3.55 AVERAGE


Sometimes humiliatingly honest. Bit cliché. Hasn’t aged the best. Yet somehow a bit endearing. Maybe if I’d read this when I was a bit younger it would mean something special to me..

definitely not what i was expecting - i had started with meno's 'demons in the spring' which i *loved*; it was so quirky and original. this, however, was far more normal, though still enjoyable.

confession: i am a music dunce. truly. i grew up on disney and used to know all the words to the songs from 20,000 leagues under the sea. ("i've got a whale of a tale to tell you lads, a whale of a tale or two... 'bout the flappin' fish and the girls i've loved...")

so, most of this book was totally lost on me. in many ways, i just could not relate at ALL to the characters who identify themselves through metal and punk music. i've only recently (last 6 yrs) started expanding my musical horizons beyond disney and rex harrison musicals so i can't relate to the misfits or the dead kennedy's or punk in any fashion. and when friends (i'm looking at you megan!) reference meg white, it takes me a few minutes to think, "meg white... meg white... uhhhh... white... OH YEA! from the white stripes. got it. yeaaaaaa!"

despite never being a smoker, never doing drugs, not really drinking (except legally in paris on a graduation high school trip) or having sex or doing much of anything underage, uh... i suppose i found this book fascinating - like a cultural study on a subset of teenagers in america. just not one that i was a part of.

It definitely says something if I read it in less than 24 hours last night, this morning, and then when I got off. I couldn't put the damn thing down.

God, I love this book! Totally captures my 90's high school experience, and is funnier than all getout!

Really remarkable only in the sense of how realistic it really is. Meno is hilarious.
My girlfriend (born in '81) said that it is entirely reminiscent -- from gutter punks to social awkwardness to making out on couches at parties where PBR is the beverage of choice -- of her own (and many others') adolescence.

So Joe Meno was my professor at Columbia which is why I picked this book up (that and it being about punk kids in Chicago sparked my interest.) But I wanna make it clear, although Joe was a fantastic professor, I had no bias when going into reading this. I’m judging it 100% fairly.

That being said, this is a fantastic f*cking book. I felt several emotions reading it— sadness for Gretchen, sadness for Brian, annoyance at Brian, excitement for Brian, anger at all the stupid poser a$$ punks, etc.

Look. This book came out in 2004 and was about teenage white kids on the south side in the 90’s. So there’s some stuff, words mostly, that came up that weren’t great. But you see the change throughout the book. You see Brian growing and giving a middle finger to that bs.

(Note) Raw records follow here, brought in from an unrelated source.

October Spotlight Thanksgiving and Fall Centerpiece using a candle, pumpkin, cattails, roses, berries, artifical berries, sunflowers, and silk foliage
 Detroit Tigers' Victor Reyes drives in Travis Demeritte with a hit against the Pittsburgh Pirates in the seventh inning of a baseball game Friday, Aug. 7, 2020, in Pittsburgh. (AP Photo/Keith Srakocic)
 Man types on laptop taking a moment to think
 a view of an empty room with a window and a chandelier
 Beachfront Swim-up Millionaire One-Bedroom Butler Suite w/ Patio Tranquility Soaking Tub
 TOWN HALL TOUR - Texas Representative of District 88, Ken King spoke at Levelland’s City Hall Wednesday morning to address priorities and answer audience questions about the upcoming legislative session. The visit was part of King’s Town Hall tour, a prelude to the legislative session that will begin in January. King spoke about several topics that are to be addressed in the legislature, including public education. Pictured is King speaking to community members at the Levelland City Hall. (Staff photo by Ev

The best part, or at least the biggest turning point for me, is when Brian tells the priest to shave his head. THAT was the moment Brian became punk. And everything that followed was just more evidence that this kid had it in him all along. That realization of the inequities between the white kids and the black kids, the moment it dawned on him that all these kids are just posing— trying to fit in, trying to be accepted… that was the most punk rock of it all.

Man. Meno really captured the feeling of highschool. The seasons in Chicago. The southside. The music. What being punk actually means.

I knew he was a great writer, but somehow he turned a coming of age story about highschool wannabe punks into something I’ll remember for a long time, if not forever.
Plot or Character Driven: Character
Strong character development: No
Loveable characters: No
Diverse cast of characters: No
Flaws of characters a main focus: Yes

funny!

I liked it like a three-star review, but as a mid-Western dork-metalhead-cum-punk from the late 80s, the nostalgia factor gave it an added star. Also, a great excuse for a Spotify playlist!